The next round of large debt resolution in the steel sector under the Insolvency and Bankruptcy Code (IBC) is expected to see lower recovery. As of March, there were 17 stressed steel assets with a total outstanding liability of ₹62,000 crore seeking resolution.

Unlike the first wave of debt clean-up, the upcoming resolution cases shall largely be smaller assets concentrated in the long integrated, sponge iron and flat re-rolling space, said credit rating agency Crisil. Moreover, the global trade barriers will also curb exports of flat re-rollers and suppress demand for the small steel assets put on the block, it added.

The government has managed to recover ₹70,000 crore of the ₹1.7-lakh crore defaulted by 94 companies, translating into a haircut of 58 per cent for financial and operational creditors. At ₹90,000 crore, just 16 steel companies accounted for nearly half of the bad debt.
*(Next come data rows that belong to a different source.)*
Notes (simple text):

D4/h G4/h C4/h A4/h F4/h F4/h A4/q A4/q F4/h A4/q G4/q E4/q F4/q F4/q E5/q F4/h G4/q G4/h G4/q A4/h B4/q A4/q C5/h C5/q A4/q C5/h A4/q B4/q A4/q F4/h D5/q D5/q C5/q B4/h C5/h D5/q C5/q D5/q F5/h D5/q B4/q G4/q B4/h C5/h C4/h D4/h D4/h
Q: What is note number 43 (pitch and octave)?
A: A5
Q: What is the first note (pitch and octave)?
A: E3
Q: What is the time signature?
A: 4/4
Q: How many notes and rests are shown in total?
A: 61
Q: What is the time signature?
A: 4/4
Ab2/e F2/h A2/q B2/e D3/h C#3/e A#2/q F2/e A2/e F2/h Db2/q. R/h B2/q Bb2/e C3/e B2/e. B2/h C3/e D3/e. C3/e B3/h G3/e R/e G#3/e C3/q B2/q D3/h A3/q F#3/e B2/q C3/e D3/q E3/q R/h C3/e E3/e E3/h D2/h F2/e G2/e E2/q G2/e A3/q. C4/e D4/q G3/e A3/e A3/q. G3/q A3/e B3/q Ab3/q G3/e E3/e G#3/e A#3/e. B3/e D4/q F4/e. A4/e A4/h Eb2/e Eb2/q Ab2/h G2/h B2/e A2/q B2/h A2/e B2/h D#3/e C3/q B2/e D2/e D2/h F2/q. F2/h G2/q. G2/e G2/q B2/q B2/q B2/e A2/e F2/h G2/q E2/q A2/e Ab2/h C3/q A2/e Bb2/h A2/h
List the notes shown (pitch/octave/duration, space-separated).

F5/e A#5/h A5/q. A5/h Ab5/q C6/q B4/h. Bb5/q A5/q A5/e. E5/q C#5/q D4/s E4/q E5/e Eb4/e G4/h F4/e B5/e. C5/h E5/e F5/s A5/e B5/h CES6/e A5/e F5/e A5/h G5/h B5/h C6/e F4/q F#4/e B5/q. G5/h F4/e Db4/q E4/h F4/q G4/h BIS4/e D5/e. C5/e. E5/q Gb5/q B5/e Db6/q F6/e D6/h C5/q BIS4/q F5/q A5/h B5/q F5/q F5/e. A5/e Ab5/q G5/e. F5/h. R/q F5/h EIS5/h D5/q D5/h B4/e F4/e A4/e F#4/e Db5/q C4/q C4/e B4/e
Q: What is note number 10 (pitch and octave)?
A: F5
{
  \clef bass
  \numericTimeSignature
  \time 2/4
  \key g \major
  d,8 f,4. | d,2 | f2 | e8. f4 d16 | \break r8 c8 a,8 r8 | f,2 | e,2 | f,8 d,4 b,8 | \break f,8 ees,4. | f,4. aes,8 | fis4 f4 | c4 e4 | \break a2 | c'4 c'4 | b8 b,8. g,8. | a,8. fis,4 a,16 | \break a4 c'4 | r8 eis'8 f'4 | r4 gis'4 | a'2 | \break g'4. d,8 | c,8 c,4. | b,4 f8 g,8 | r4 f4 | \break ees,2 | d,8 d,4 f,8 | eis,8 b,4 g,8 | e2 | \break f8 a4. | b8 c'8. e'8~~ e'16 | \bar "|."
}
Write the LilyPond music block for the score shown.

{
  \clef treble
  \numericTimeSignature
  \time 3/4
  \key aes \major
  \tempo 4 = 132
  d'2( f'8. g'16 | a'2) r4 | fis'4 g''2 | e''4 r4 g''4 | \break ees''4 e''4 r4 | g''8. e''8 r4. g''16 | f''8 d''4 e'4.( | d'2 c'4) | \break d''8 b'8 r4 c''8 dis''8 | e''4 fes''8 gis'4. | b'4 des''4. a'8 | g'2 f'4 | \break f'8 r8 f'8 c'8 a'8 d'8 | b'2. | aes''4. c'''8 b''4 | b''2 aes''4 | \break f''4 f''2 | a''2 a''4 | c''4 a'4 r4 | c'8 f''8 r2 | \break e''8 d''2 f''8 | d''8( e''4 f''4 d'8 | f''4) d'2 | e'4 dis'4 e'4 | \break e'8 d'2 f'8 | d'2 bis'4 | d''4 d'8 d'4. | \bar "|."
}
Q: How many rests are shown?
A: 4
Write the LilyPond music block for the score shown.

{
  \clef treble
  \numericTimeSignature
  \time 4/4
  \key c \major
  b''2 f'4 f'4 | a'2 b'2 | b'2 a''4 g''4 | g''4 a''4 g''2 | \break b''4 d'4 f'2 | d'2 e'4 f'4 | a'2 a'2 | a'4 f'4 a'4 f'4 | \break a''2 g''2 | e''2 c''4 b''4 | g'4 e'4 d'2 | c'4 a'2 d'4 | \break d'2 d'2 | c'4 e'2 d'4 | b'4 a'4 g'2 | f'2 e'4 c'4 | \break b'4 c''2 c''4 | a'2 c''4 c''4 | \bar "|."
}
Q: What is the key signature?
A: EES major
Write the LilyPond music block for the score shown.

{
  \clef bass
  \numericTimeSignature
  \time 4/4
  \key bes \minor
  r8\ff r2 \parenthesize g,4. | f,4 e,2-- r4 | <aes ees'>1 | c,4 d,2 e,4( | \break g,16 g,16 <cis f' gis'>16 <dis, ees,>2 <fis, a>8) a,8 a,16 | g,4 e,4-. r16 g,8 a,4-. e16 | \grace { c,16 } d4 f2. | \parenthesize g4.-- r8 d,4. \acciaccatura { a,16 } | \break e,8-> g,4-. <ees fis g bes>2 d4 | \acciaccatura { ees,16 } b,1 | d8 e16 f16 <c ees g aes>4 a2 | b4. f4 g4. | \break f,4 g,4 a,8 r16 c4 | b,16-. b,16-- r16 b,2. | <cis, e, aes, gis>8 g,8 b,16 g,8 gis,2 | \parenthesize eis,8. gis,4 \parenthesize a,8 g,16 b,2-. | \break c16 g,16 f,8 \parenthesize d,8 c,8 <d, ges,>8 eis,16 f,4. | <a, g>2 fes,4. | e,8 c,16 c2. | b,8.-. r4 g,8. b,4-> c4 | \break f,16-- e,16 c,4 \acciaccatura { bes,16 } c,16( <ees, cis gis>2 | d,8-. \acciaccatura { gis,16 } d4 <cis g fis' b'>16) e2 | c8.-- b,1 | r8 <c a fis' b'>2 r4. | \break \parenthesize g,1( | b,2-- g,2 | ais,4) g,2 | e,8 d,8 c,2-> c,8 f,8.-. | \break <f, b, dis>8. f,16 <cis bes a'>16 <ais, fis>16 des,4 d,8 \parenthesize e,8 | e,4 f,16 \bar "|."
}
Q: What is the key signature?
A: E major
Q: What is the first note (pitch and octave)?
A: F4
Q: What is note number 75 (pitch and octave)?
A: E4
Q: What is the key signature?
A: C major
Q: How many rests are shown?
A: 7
Their resolution required a haircut of 47 per cent.

The balance debt of ₹80,000 crore of 78 companies in the textiles, construction and auto components sectors was resolved with a haircut of about 69 per cent, said Crisil.

The steel sector is set to see 28-30 million tonne in capacity addition. This will keep utilisation levels at 80-82 per cent till FY24. This will curb aggressive bidding during the next round of stressed assets resolution, it said.